** Opening Data extracts block **
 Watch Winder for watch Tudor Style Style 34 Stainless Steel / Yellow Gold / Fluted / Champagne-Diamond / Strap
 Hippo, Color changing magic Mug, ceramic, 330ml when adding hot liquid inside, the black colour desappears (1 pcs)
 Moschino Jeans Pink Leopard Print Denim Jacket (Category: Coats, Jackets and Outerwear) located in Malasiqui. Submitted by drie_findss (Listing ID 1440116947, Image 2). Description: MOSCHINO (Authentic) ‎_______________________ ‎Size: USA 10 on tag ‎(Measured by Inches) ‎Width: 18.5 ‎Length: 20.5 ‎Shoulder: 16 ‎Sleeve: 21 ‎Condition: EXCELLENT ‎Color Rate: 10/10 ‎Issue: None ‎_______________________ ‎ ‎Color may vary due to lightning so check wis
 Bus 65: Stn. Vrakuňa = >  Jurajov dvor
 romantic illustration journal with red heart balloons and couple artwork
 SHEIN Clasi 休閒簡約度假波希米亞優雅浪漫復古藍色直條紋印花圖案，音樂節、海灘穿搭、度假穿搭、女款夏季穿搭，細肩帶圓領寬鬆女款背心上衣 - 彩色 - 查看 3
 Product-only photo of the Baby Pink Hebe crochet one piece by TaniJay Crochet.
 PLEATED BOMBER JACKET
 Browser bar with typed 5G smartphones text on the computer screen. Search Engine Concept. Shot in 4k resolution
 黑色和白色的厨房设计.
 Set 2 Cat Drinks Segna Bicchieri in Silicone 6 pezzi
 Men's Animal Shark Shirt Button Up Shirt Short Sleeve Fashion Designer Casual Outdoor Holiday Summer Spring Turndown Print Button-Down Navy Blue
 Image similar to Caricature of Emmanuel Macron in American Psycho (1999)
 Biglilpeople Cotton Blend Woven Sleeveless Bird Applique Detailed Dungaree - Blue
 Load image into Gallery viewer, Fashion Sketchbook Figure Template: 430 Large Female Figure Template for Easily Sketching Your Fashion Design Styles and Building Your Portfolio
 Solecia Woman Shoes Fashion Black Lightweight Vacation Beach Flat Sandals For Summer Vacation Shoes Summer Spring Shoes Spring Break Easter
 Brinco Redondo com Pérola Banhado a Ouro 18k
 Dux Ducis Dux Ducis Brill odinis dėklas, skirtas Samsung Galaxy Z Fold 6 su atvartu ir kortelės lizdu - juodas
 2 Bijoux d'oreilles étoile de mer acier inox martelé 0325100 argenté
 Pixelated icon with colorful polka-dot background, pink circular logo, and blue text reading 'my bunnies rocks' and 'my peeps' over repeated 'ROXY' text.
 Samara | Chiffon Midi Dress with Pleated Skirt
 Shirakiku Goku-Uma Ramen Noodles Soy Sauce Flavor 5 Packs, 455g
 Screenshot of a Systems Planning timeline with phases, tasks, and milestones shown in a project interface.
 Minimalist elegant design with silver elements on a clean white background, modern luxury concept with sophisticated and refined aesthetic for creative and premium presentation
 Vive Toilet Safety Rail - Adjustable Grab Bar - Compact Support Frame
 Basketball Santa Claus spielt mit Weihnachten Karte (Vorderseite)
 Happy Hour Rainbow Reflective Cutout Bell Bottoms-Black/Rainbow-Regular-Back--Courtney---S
** Closing Data extracts block **
Look through the entries and return every line where "background" appears.

### Output for this exercise
 Pixelated icon with colorful polka-dot background, pink circular logo, and blue text reading 'my bunnies rocks' and 'my peeps' over repeated 'ROXY' text.
 Minimalist elegant design with silver elements on a clean white background, modern luxury concept with sophisticated and refined aesthetic for creative and premium presentation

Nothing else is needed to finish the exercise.